Жертвоприношение Андрея Тарковского | страница 58
Еще одна тайна "сумрачной просветленности" Арсения Тарковского, на мой взгляд, коренится в том, что Тарковский очень рано, поразительно рано начал жить наедине со смертью. Его "Беатриче", его "бессмертная возлюбленная" (а стихотворение "Первые свидания" иначе и не назовешь, как "беатричевским") - Мария Фальц - умерла в 1932 году, когда Арсению было 25 лет. В его письмах близким довольно часто прорываются, внезапными ремарками, самоощущения себя либо старцем, либо очень-очень близко стоящим возле смерти, около.

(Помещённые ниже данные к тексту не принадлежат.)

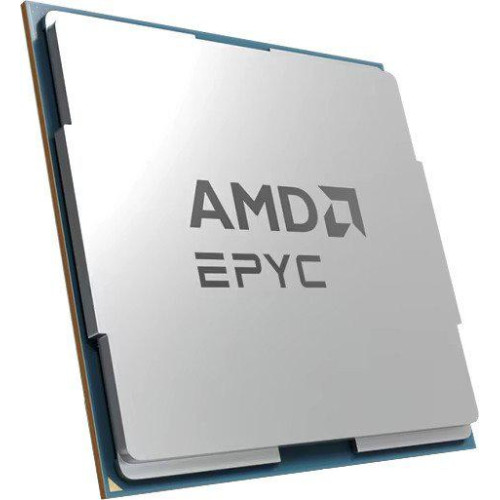 Процессор AMD EPYC 9015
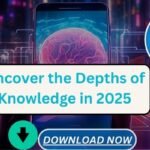DeepSeek App: Uncover the Depths of Best Knowledge in 2025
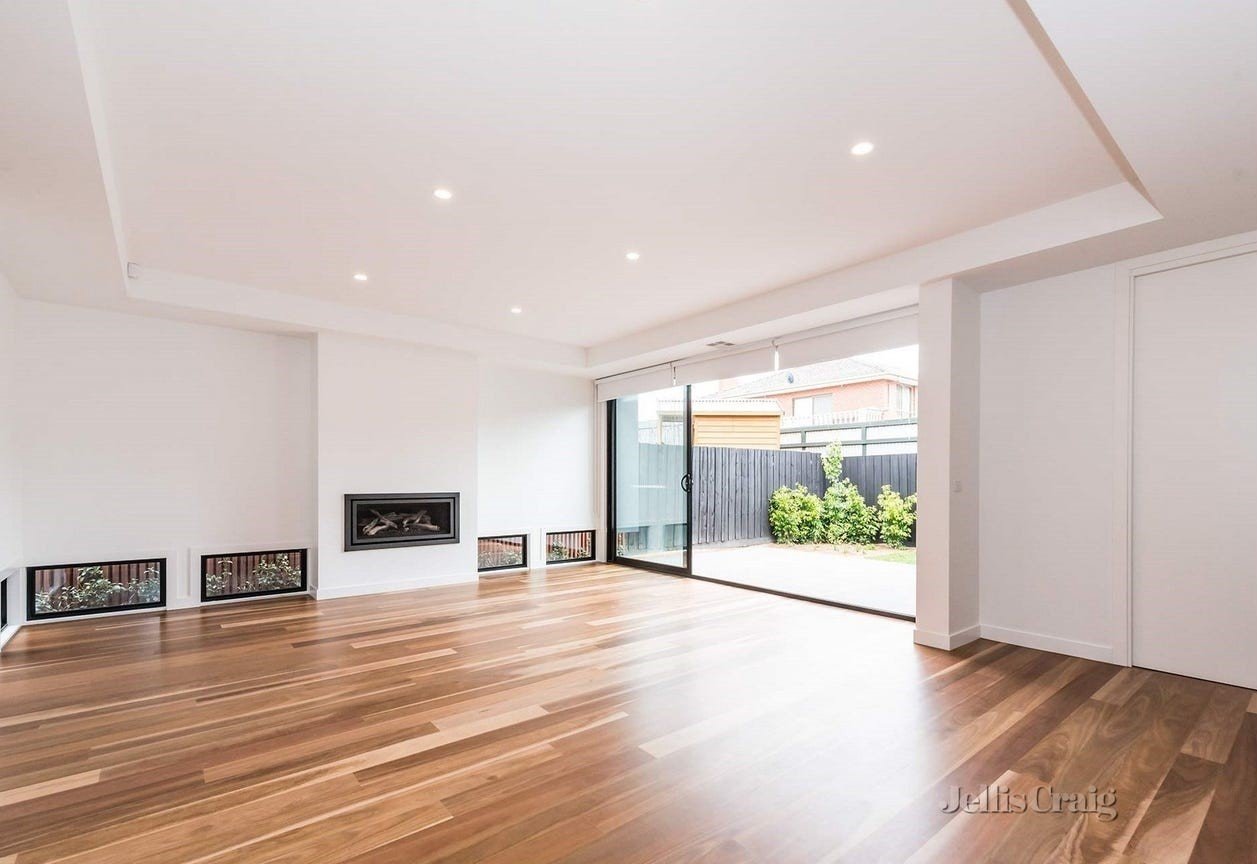 4b Valanne Street, Brighton&nbsp;East image 4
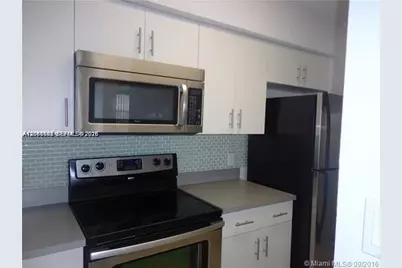 540 S Park Road #15-9, Hollywood, FL 33021 - Photo 2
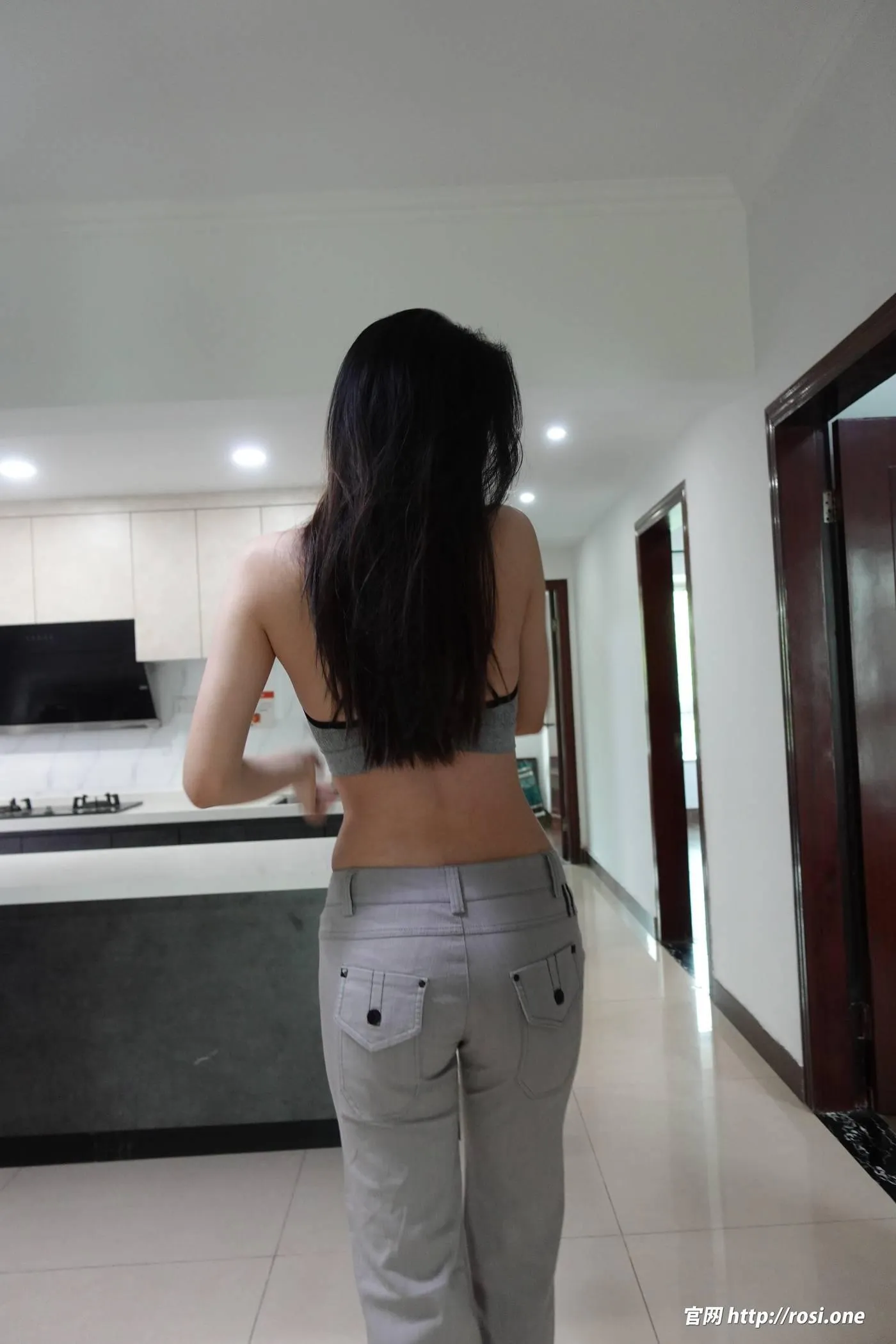[ROSI写真]2022.04.07 NO.3776[89P]插图3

Например, в письме жене Тоне с фронта: "...Я очень тебя люблю, и моя любовь с тобой навсегда, что бы ни случилось... Я стал совсем другой, я видел почти все, я стар. Но я верю, что все будет хорошо..." В это время ему - 35, жене - 37. В 1957 году он, пятидесятилетний, "проговаривается" в письме к сыну, что ему "осталось немного жить". Эти и другие похожие "проговорки" - вовсе не кокетство, как легко подумать, если не знать того мистического замеса его стихов, подобного которому мы почти не найдем в русской поэзии. Своеобразие этой тональности - именно в достоверно-ощутимой "ткани" единства и взаимосплетенности до неразличимости таинства жизни и смерти. Значительная часть лирики Арсения Тарковского находится в пространстве достоверности "того света", проницающего реальность, которую держит око и слух поэта здесь.
...На свете смерти нет.
Бессмертны все. Бессмертно всё. Не надо
Бояться смерти ни в семнадцать лет,
Ни в семьдесят. Есть только явь и свет,
Ни тьмы, ни смерти нет на этом свете.
Мы все уже на берегу морском,
И я из тех, кто выбирает сети,
Когда идет бессмертье косяком.
ИЛИ:
И это снилось мне, и это снится мне,
И это мне еще когда-нибудь приснится,
И повторится все, и все довоплотится,
И вам приснится все, что видел я во сне.
Там, в стороне от нас, от мира в стороне
Волна идет вослед волне о берег биться,
И на волне звезда, и человек, и птица,
И явь, и сны, и смерть - волна вослед волне.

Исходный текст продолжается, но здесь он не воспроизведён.